Mental Conditioning #3 The U.S. Somehow Can't Afford Freeways AND Transit

From

http://www.peaktraffic.org/compromise.html

a quote of an interview with Angela Rooney, an activist with the organization "Emergency Committee on the Transportation Crisis" that took a hard not another inch of freeway stance, often under the slogan, 'no white mans roads through black mans homes".
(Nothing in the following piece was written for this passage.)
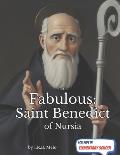 The Fabulous: Saint Benedict of Nursia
 Our first rallying cry was: "No White Men's Roads Through Black Men's Homes!"  We had to do that as offensive as it was to some people because it was absolutely the truth. It was indeed Black men's homes and businesses that were being confiscated. It was a very personal kind of insult, especially in a city where many blacks worked for the Federal government the city, to find out that your home could be gone just like that. The highway proponents felt no compunction about this. I don't remember whether it was the highway lobby men or the representatives from the FHA but they would say, "yeah, we built that road and we didn't even have to give them the moving money. They didn't know they were supposed to get it...

Our other rallying cry was: "Freeways No!, Metro Yes!" That was in everything we put out to focus hard on the fact that we needed good public transportation. If they built I-95, the inner loop, the outer beltways and all the other roads, there was no hope for a Metro being built because there would be no money. So we fought long, long and hard for years to break open the trust fund for other kinds of transportation. People had no idea that they had an option.

Even in the 1960's, we were calling loud and clear for a multi-modal, interdependent, complete transportation system.

What is strange is that the officials had been calling for just that, building transit and freeways, yet Rooney appears to not know that.

The November 1, 1962 transportation report commissioned by the Administration of John F. Kennedy included both transit and freeways.

By neglecting that, Rooney was playing into the hands of those seeking to condition people to expect less from the government in terms of the general welfare.